O narrador deste romance é um livro bom, um livro de qualidade. Imaginemos que seria um livro mau.
Teria de encontrar algumas desculpas. Idealizei um tipo de livros, a aristocracia dos livros. E eles falam desde essa perspectiva. Os maus livros foram escritos pelos homens. Os bons e os maus livros são um reflexo do que os homens são. Mas nós, os grandes livros, somos o melhor do que vocês, homens, são capazes de produzir.

E estamos sempre a ser confrontados com a nossa experiência enquanto leitores. 
Há momentos em que os livros também são nostálgicos em relação a isso. Já não têm o leitor devoto que costumavam ter noutro tempo em que os livros eram realmente o que deveriam ser. Algo para ser lido, pensado, relido.

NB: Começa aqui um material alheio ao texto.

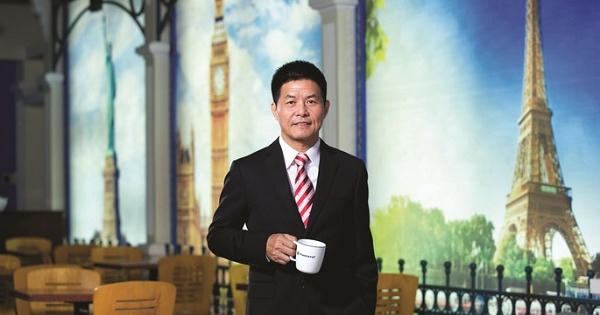 CEO Vietravel Nguyễn Quốc Kỳ: "Nên có chính sách tặng mỗi người đi du lịch 1 triệu đồng để kích cầu"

E lança a provocação através de um deles, de que a leitura não é uma arte.
Vou-me citar aqui no que digo aos meus alunos. O melhor curso possível de escrita criativa é a leitura criativa. Gastem um verão a ler a totalidade dos contos de Tchekov. Tudo o que é possível aprender sobre a arte da escrita criativa está contido nesses livros. Se querem saber como se escrevem histórias está lá tudo, mas para isso é preciso ser-se um leitor criativo. Ler a grande literatura é uma coisa muito séria. Se querem apenas divertirem-se leiam o chamado produto da indústria editorial. Não estamos a falar disso. Quando a ficção científica apareceu e começou a ter muitos adeptos uma certa elites veio acusar o género de ser mau; dizia-se que 95 por cento dos livros de ficção científica eram lixo. Essa percentagem aplica-se a tudo. Noventa por cento do que se escreve é mau. Quando digo literatura, falo dos cinco por cento que estão no topo. Na primeira aula digo ainda aos meus alunos que não devem esperar ser leitores antes dos 50 anos. Isso não significa até lá possam descansar. Até lá têm trinta anos para ler e reler. Não há milagres na arte da escrita. Ou então pode-se ser um génio, mas isso são as excepções. Pode-se escrever algo que se acha ser absolutamente novo e achar que se é um génio e depois descobrir que isso foi feito 200 anos antes. Como não lemos achamos que estamos a ser originais. É preciso ler. Qualquer aspirante a escritor tem de ler muito. A vida de um escritor é uma vida de leitor. São inseparáveis. Somos muitos privilegiados por viver num tempo em que continua a ser muito favorável aos livros. Nunca se imprimiram tantos livros quanto hoje, há muita gente a escrever e muita gente a querer fazê-lo, de tal forma que o número de escritores pode ultrapassar o número de leitores. Podemos, por hipótese perder os leitores. Toda a gente parece querer escrever livros.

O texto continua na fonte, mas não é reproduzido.